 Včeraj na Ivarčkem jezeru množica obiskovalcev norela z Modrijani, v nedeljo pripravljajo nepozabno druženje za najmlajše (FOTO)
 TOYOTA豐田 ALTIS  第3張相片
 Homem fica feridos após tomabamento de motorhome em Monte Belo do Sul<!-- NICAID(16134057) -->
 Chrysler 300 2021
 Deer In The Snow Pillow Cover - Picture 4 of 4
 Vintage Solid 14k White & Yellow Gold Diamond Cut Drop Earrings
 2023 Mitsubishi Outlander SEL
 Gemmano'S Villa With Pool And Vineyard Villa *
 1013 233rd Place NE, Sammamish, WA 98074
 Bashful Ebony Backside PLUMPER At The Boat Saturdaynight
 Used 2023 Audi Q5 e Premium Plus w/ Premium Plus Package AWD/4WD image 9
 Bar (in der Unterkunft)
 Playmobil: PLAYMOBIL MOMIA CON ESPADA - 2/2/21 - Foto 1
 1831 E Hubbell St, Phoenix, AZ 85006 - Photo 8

++++++++++++++++++++

= TASK INSTRUCTIONS =
The full listing is to be restated word for word.

= TASK SOLUTION =
 Včeraj na Ivarčkem jezeru množica obiskovalcev norela z Modrijani, v nedeljo pripravljajo nepozabno druženje za najmlajše (FOTO)
 TOYOTA豐田 ALTIS  第3張相片
 Homem fica feridos após tomabamento de motorhome em Monte Belo do Sul<!-- NICAID(16134057) -->
 Chrysler 300 2021
 Deer In The Snow Pillow Cover - Picture 4 of 4
 Vintage Solid 14k White & Yellow Gold Diamond Cut Drop Earrings
 2023 Mitsubishi Outlander SEL
 Gemmano'S Villa With Pool And Vineyard Villa *
 1013 233rd Place NE, Sammamish, WA 98074
 Bashful Ebony Backside PLUMPER At The Boat Saturdaynight
 Used 2023 Audi Q5 e Premium Plus w/ Premium Plus Package AWD/4WD image 9
 Bar (in der Unterkunft)
 Playmobil: PLAYMOBIL MOMIA CON ESPADA - 2/2/21 - Foto 1
 1831 E Hubbell St, Phoenix, AZ 85006 - Photo 8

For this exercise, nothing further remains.